[[ Source records open ]]

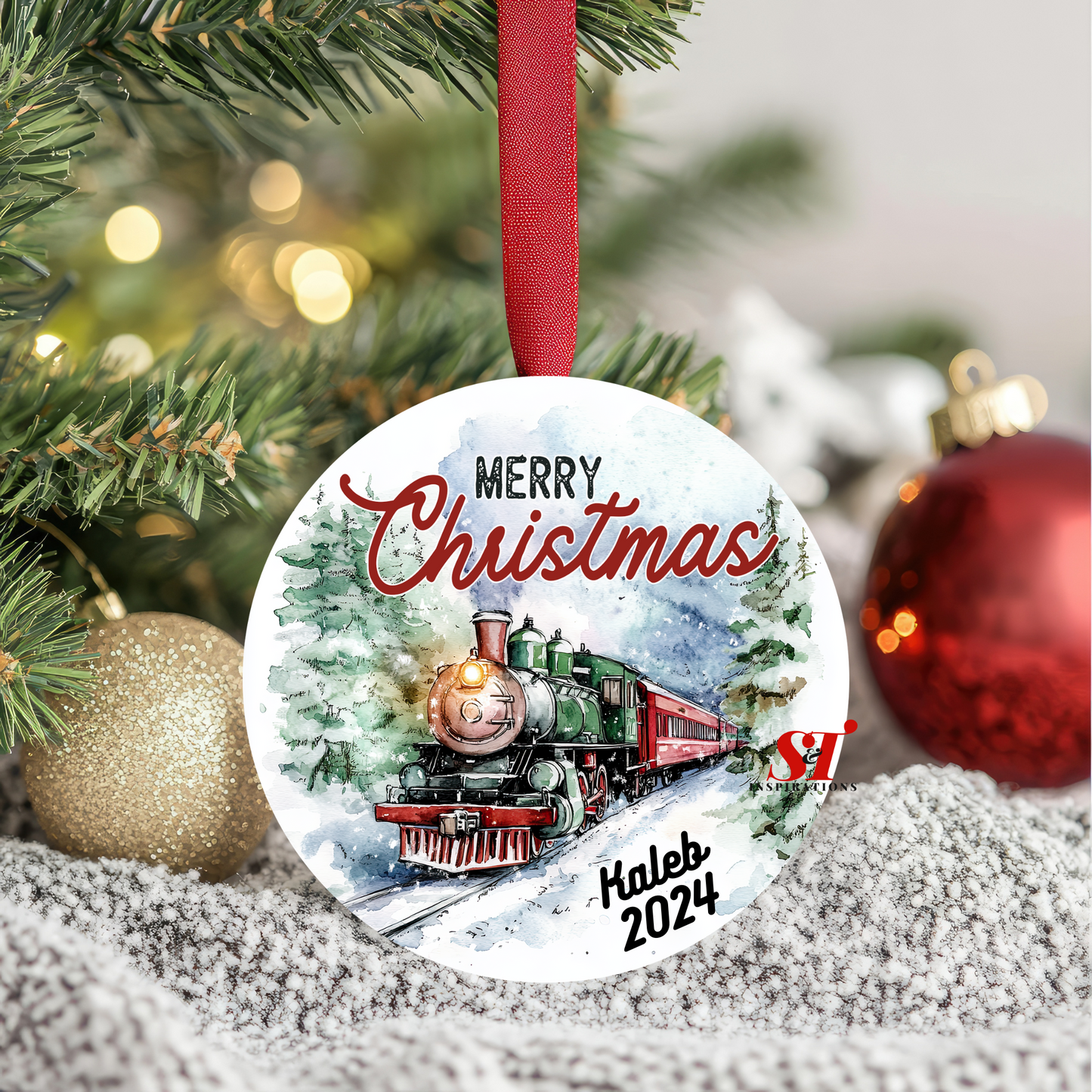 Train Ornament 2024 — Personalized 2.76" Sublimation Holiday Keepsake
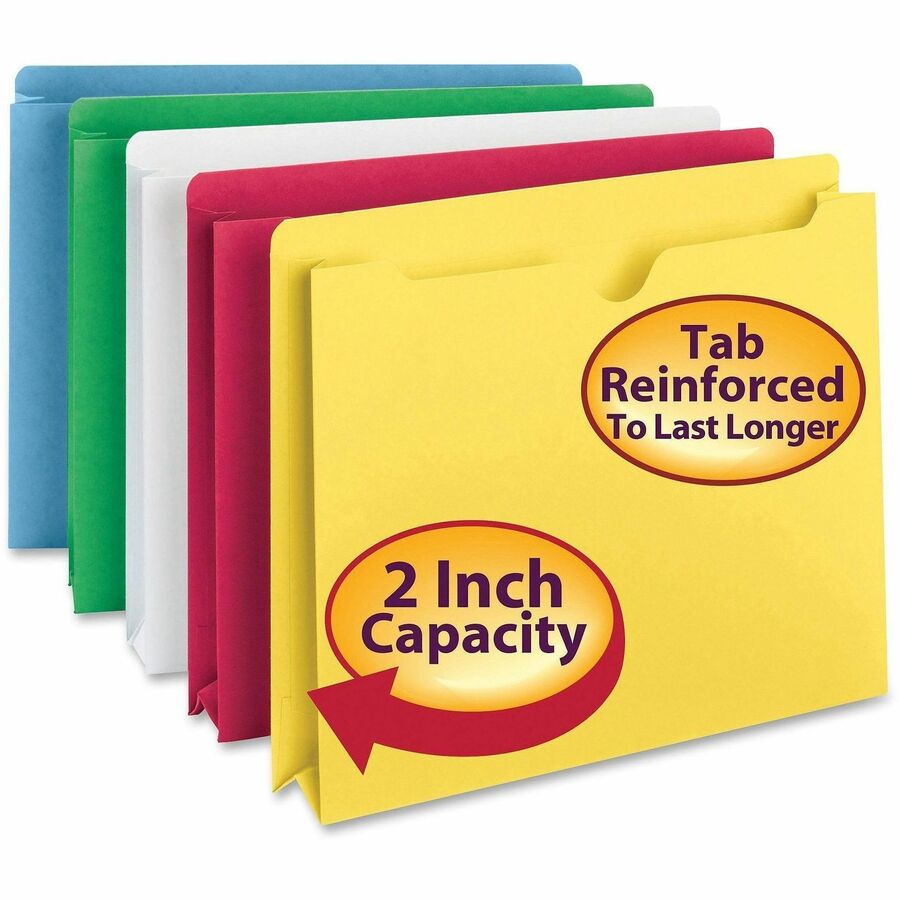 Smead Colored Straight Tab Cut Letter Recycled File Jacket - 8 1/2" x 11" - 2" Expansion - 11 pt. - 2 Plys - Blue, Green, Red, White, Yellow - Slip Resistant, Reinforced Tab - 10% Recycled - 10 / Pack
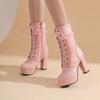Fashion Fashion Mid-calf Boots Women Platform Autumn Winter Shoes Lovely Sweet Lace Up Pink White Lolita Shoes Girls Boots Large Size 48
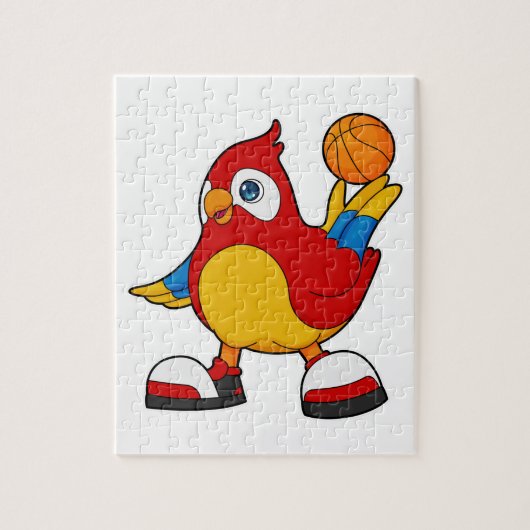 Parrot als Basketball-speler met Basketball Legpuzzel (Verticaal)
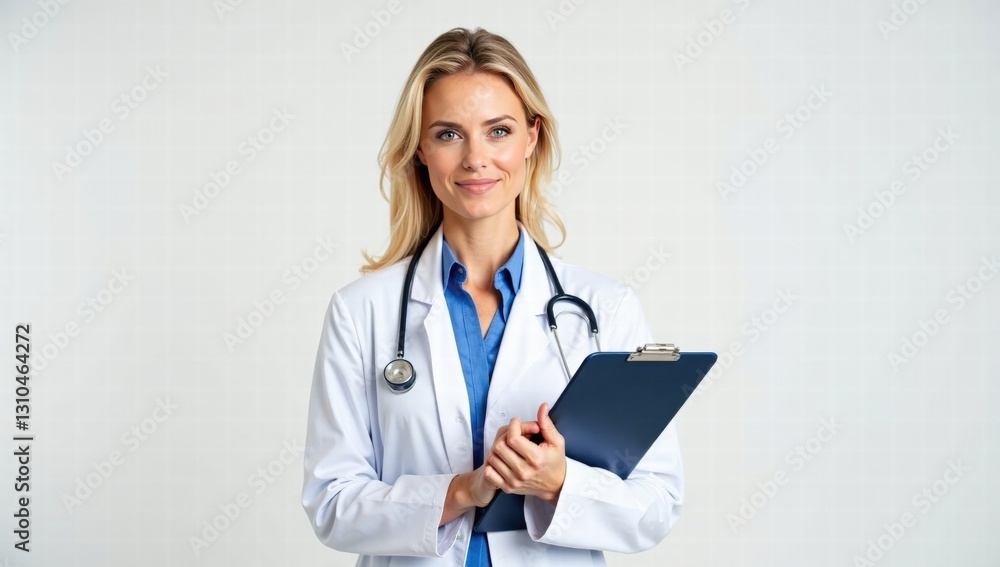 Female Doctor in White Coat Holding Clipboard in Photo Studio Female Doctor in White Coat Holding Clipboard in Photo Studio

[[ Source records closed ]]

§ **Work instruction**: Write out exactly the lines beginning with the line that holds "Parrot als Basketball-speler" and ending with the final line of the data, both ends included, without the pictures.

§ **Task response**:
 Parrot als Basketball-speler met Basketball Legpuzzel (Verticaal)
 Female Doctor in White Coat Holding Clipboard in Photo Studio Female Doctor in White Coat Holding Clipboard in Photo Studio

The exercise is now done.